Adding a new stick of RAM will help greatly if you’re a heavy internet user. The problem is, there are many different setups therefore different form factors of memory. The best way to ensure you’re getting the correct RAM module for your Mac is to use a service such as Cruicial’s system scanner.
Not only will it provide you details about your computer’s specification but also advise you on the highest amount of memory your computer supports. If possible upgrade to a memory limit of 8GB or above.
Replace the hard drive with a Solid State Drive
Traditional hard drives are still being packed in with modern laptops and desktops. This is usually to keep the overall cost down when you buy a new computer. However, they are one of the biggest bottlenecks to your computer’s performance. It has an effect on your day-to-day computing tasks such as starting an application or waiting for a game to load.

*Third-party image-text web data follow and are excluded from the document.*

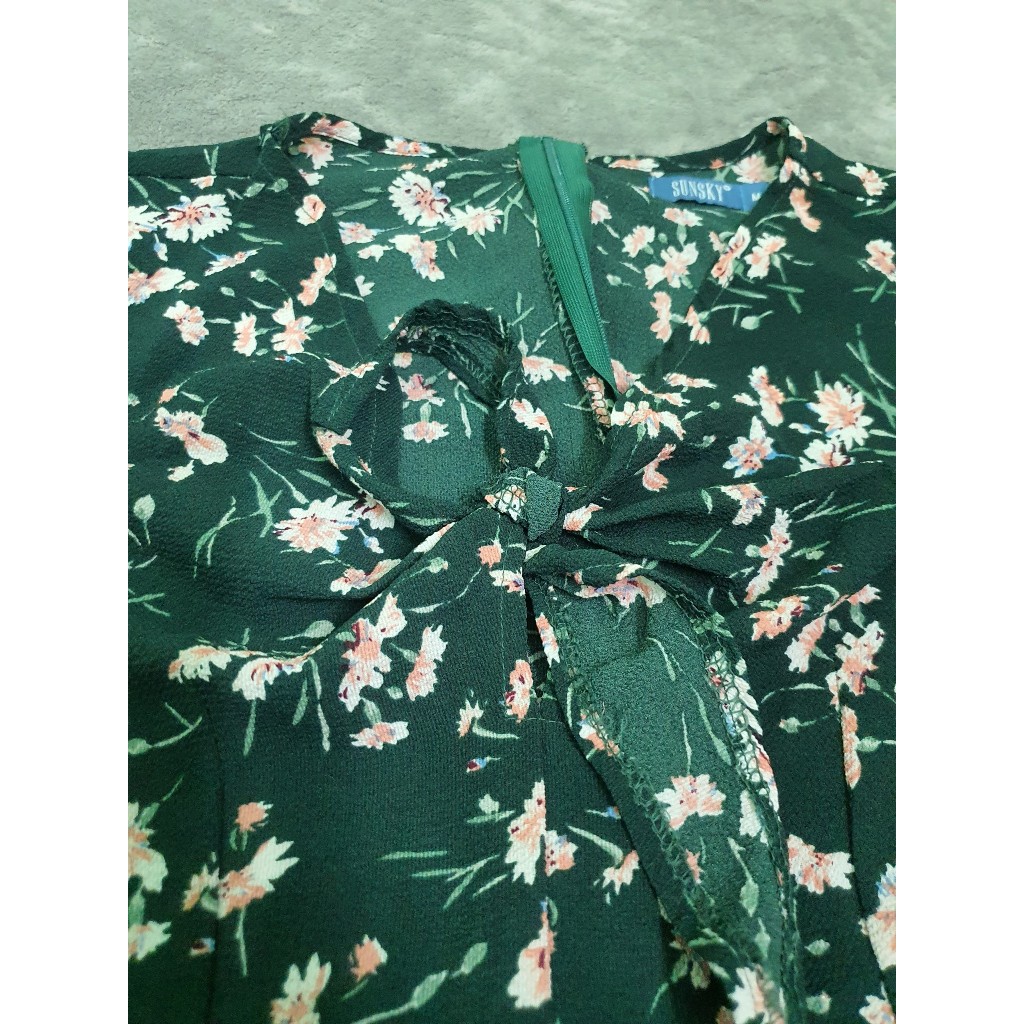 Đầm xoè hoạ tiết hoa nhí chất thun như hình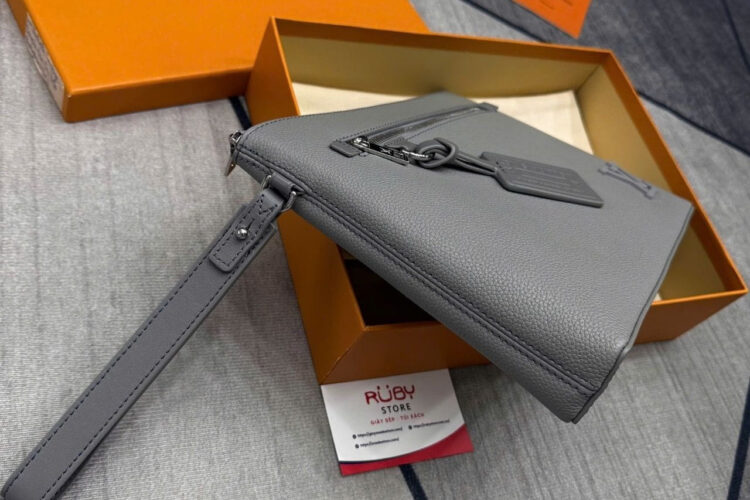 Túi LV Takeoff Pouch Aerogram Ipad Grey Calfskin 30CM Màu Xám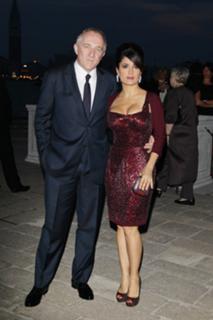 Salma Hayek feet photo thumbnail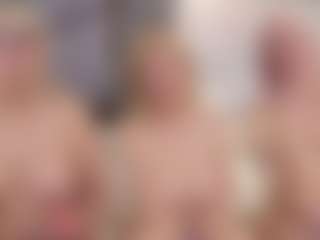 Fit Cougar's Live Sex Cam Show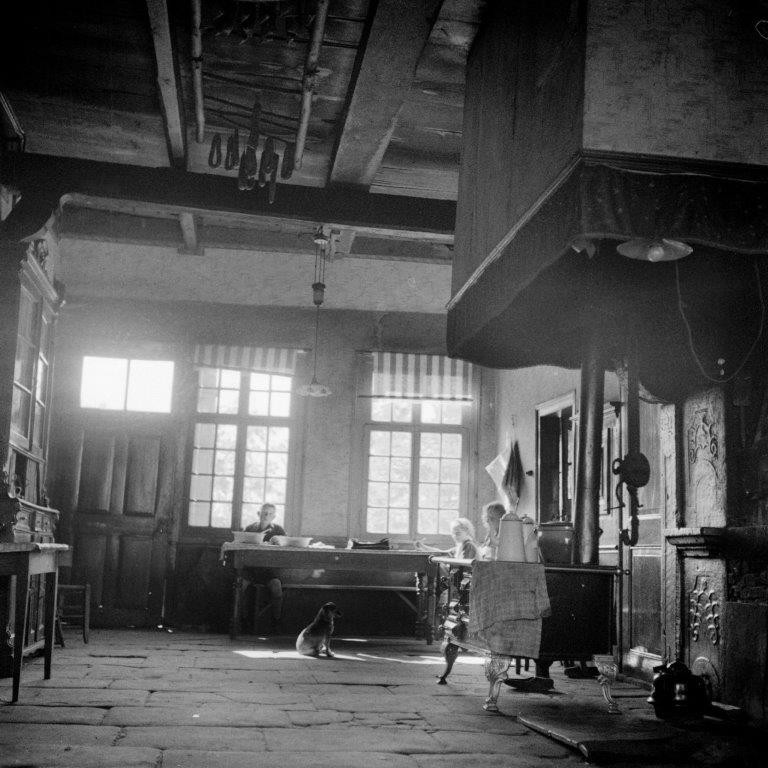 Herdfeuer von 1793 in einem Bauernhaus in Saerbeck, Foto: Josef Schepers, um 1940. Archiv für Alltagskultur in Westfalen, 1987.00987.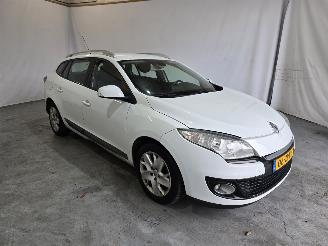 uszkodzony samochody osobowe Renault Mégane 1.5 dCi Expression 2013/3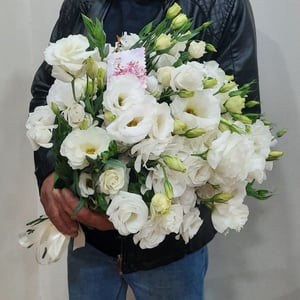 Букет из белых лизиантусов из эустом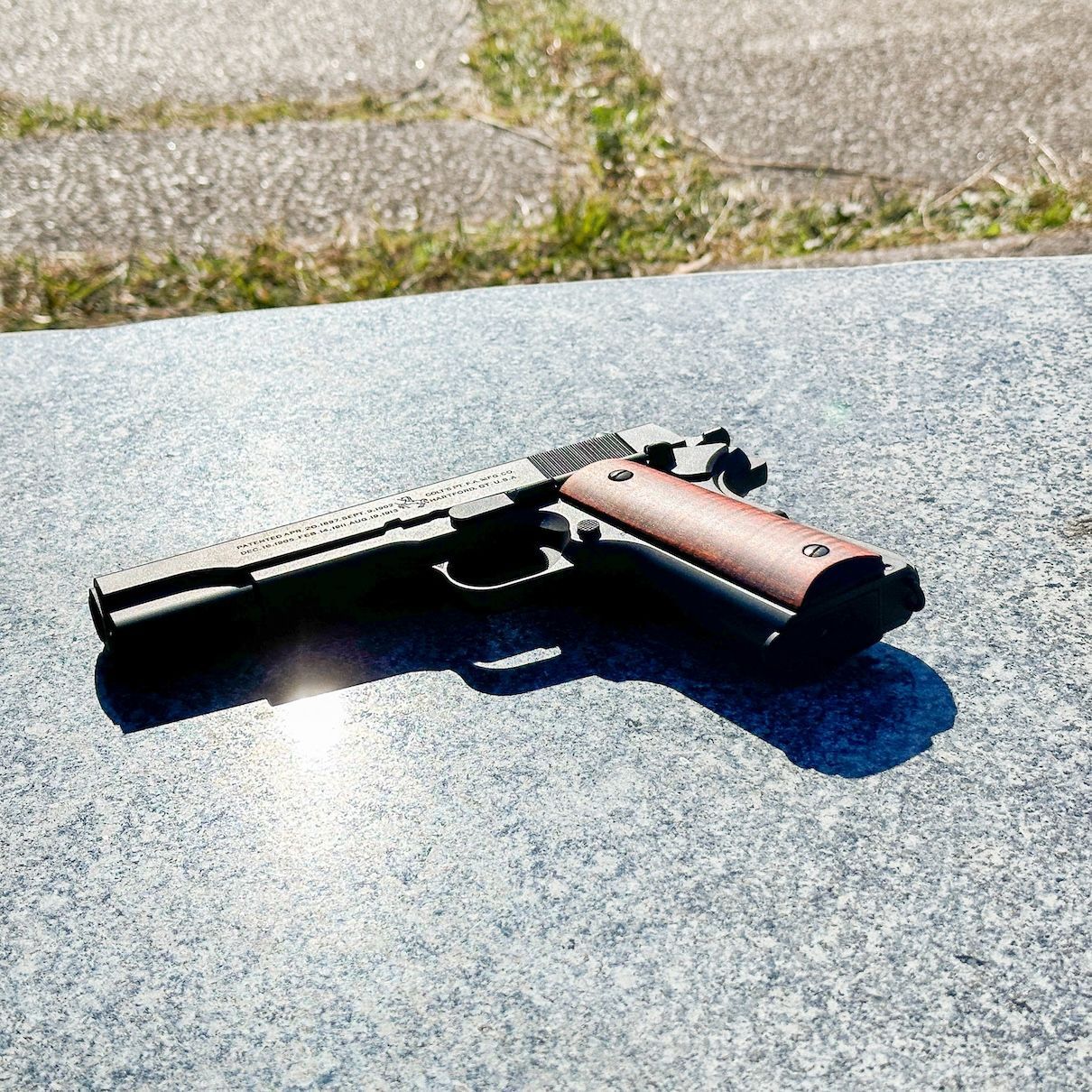 楽天市場】＜伊早坂秀一＞名銃コルトガバメント・超銘木グリップカスタムエアガン : グッドリッチ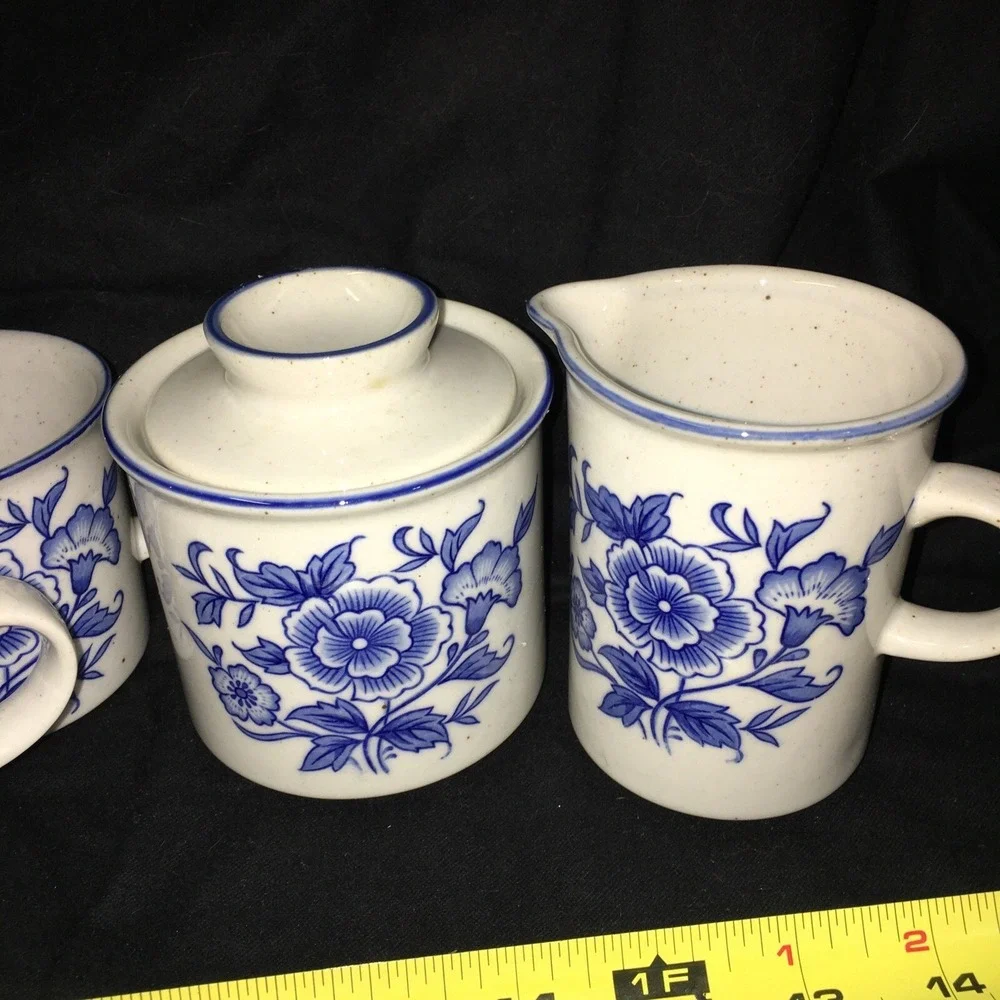 VTG Norleans Vienna Blue/White Floral Speckled Creamer, Sugar 4 Coffee,Tea Cups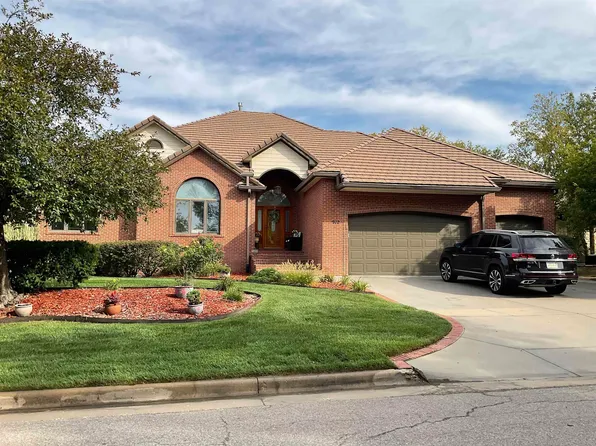 912 Terradyne Cir, Andover, KS 67002
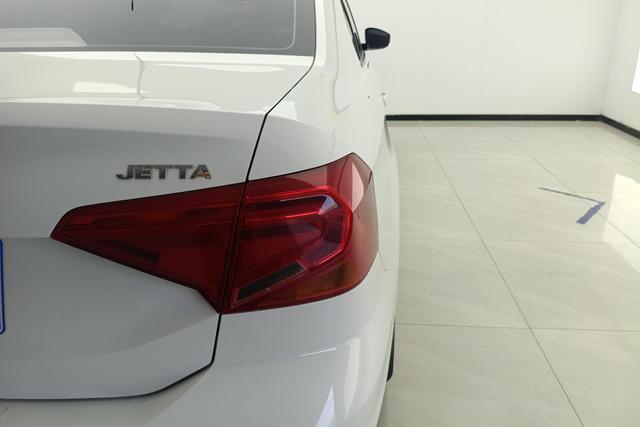 Volkswagen Jetta 2017 1.4 L MT — фото 5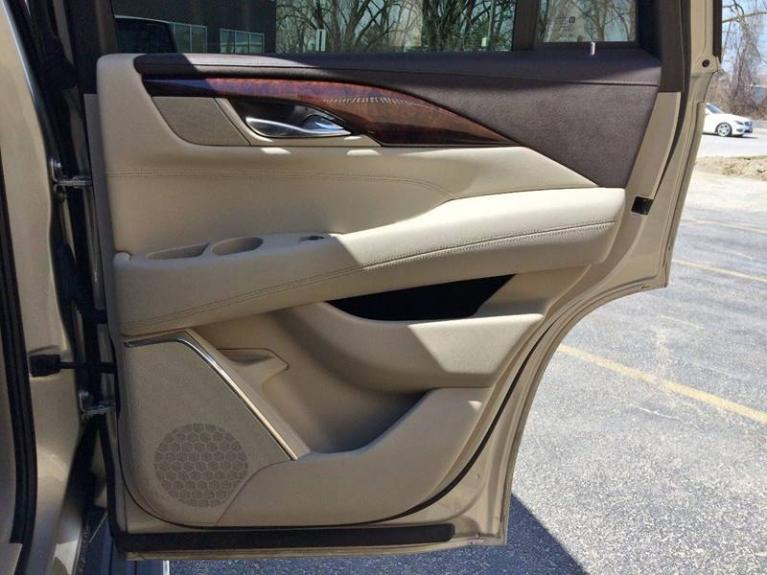 Used-2015-Cadillac-Escalade-Premium-4x4-4dr-SUV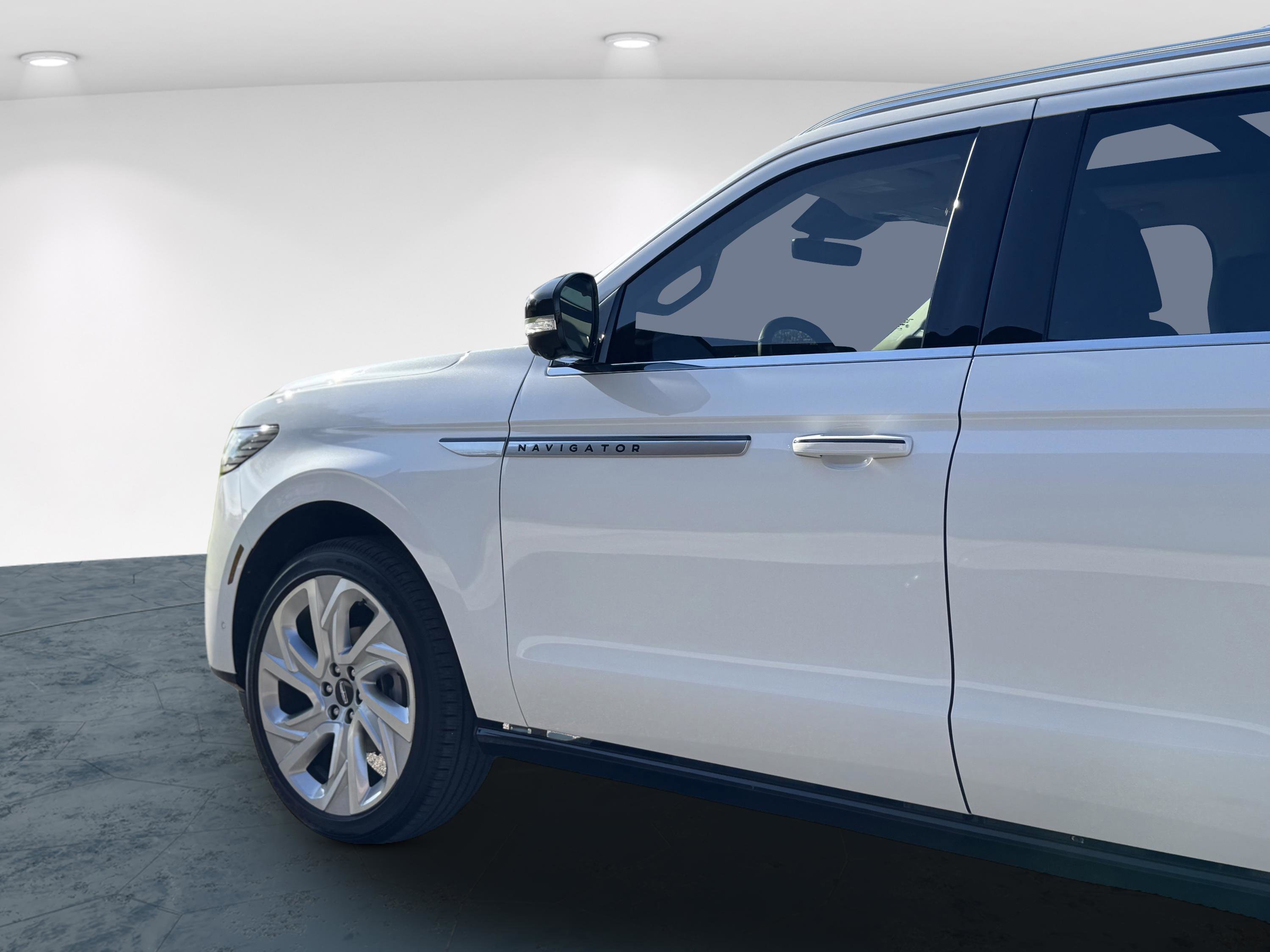 Used 2025 Lincoln Navigator Reserve AWD/4WD image 44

There are much faster solutions to storing your files and data, using something called a “solid state drive”. Personally, I opt for the Samsung Evo 850 solid state drives as they have some of the best write/read speeds and have been running in my machines without any flaws for years.
There are cheaper alternatives such as Cruicial’s SSD range, which might even offer different read/write speeds. Worried about storage space? While there are larger capacity solid state drives, they can become quite expensive. There is an alternative to solid-state drives which also offer large capacity, but aren’t as slow as a traditional mechanical hard drive. These are called Hybrid Drives (SSHDs).
While they don’t provide the high performance read/write speed, they do have a small solid-state drive built into them. It’s usually designed to cache frequently used bits of data so it can be quickly retrieved when needed.
Tame the animations
While hardware upgrades are going to provide the best performance boosts for your Mac, there are a few software optimisations to make your Mac feel faster. For example, turning off MacOS’ animations means that it saves not just graphical processing power but also saves you a few milliseconds each time when performing common tasks such as opening application windows from the dock.
Disable dock animations
While the ‘Genie’ effect when opening/closing application windows to the dock look cool when you first get your Mac, it’s slowing your workflow down each time you do it by a few milliseconds, which all adds up throughout the day. To change this to a quicker ‘Scale’ effect simply use these following steps:
- Open the ‘Settings’ application
- Click the ‘Dock’ option
- Change the dropdown option for ‘Minimize windows using:’ from the ‘Genie effect’ to the ‘Scale effect’.
Tame the rest of the visual effects
There are a few hidden options that also make macOS feel much snappier. Simply follow the below steps to achieve this:
- Open the Settings application again
- Press the ‘Accessibility’ icon
- In the left pane, select ‘Display’
- Ensure the ‘Reduce motion’ and ‘Reduce transparency’ are both checked.
Feels much faster, right?
If you don’t have the time or funds to replace Mac’s slow traditional hard drive then disabling Spotlight indexing will help your Mac from grinding to a holt. The downside to this is that you can’t quickly search for files, such as documents, using the search icon on the top right of your Mac. If you don’t use this feature, then you can disable Spotlight Indexing as follows:
- Open the Settings application
- Click the ‘Spotlight’ icon
- Ensure everything is unchecked like in the image above.
Bonus: Increase iOS Simulator performance
Here is a quick tip for other Web Developers who are using the iOS simulator to test on various iOS setups. Simply scaling the display of the simulated iOS device would mean that there are fewer pixels to render. To achieve this follow the below steps:
- In the iOS simulator window select the ‘Window’ menu on the top bar
- Select the ‘Scale’ menu item and then try any option that is ‘50%’ or smaller. This will mean that your Mac will have to render at least half of the detail in the iOS frame.